**DATA BLOCK:**
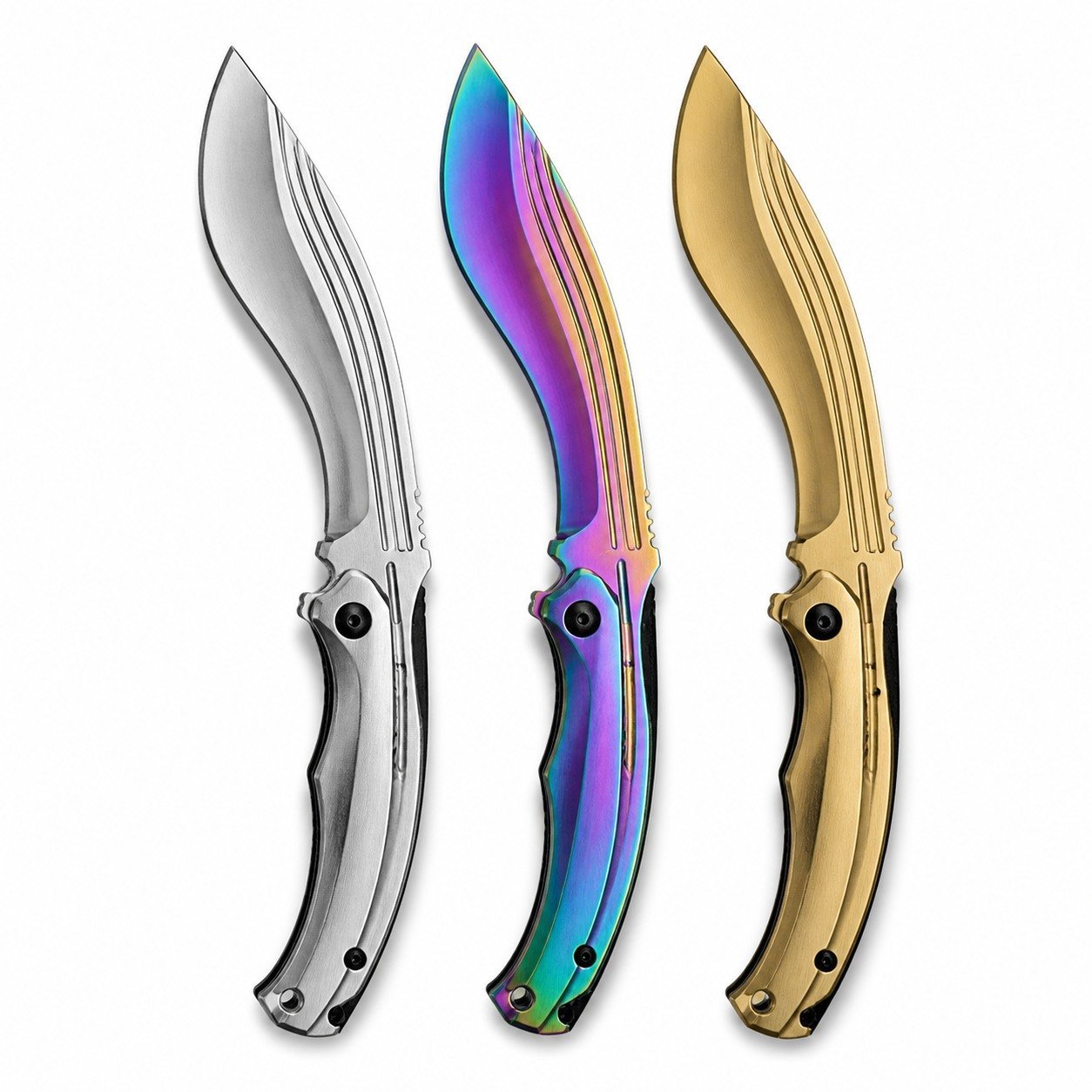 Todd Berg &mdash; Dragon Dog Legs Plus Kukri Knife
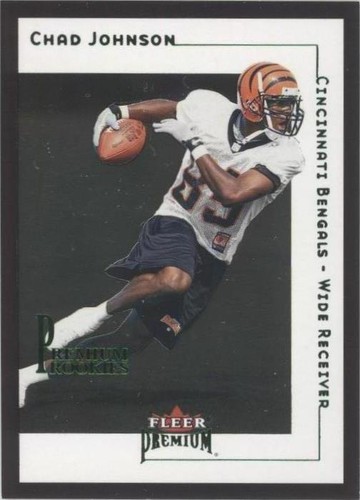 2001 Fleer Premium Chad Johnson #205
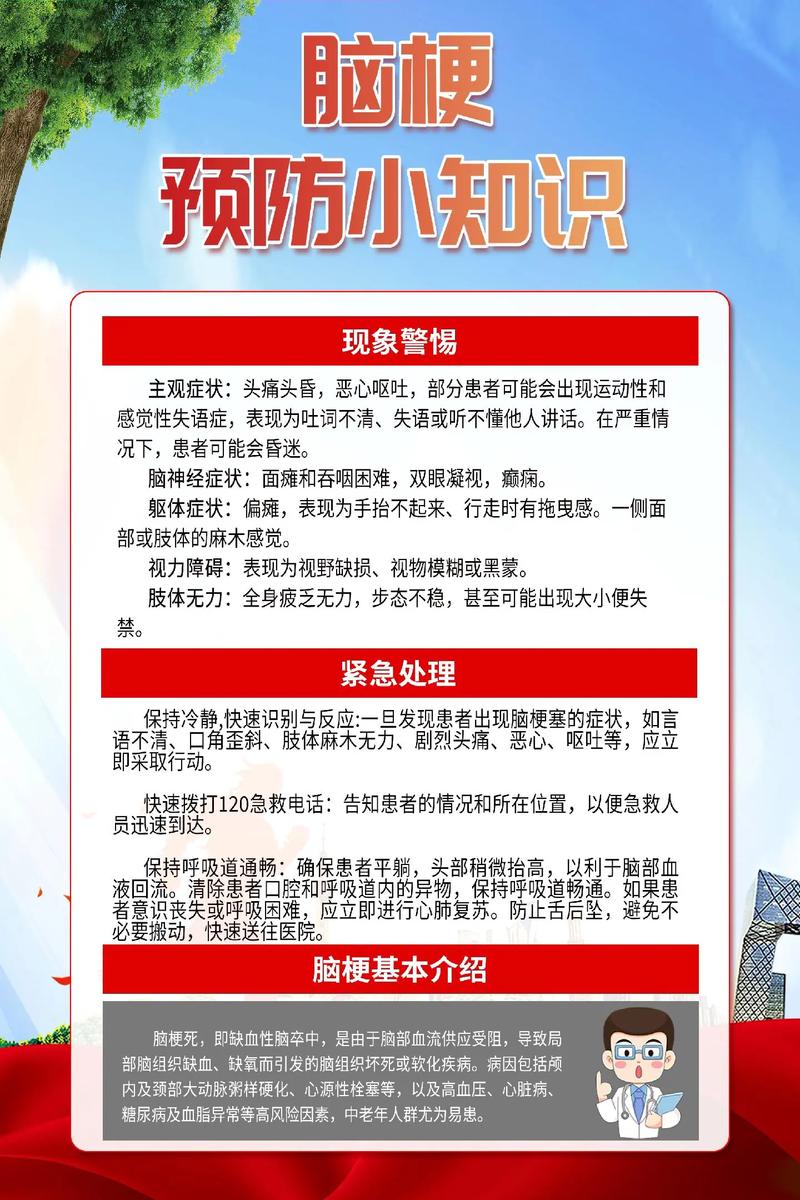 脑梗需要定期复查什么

**EXERCISE OBJECTIVE:**
Everything from the line with "2001 Fleer Premium Chad Johnson #205" through the final line of the material is to be returned exactly, both ends included, apart from the pictures.

**SOLUTION BELOW:**
 2001 Fleer Premium Chad Johnson #205
 脑梗需要定期复查什么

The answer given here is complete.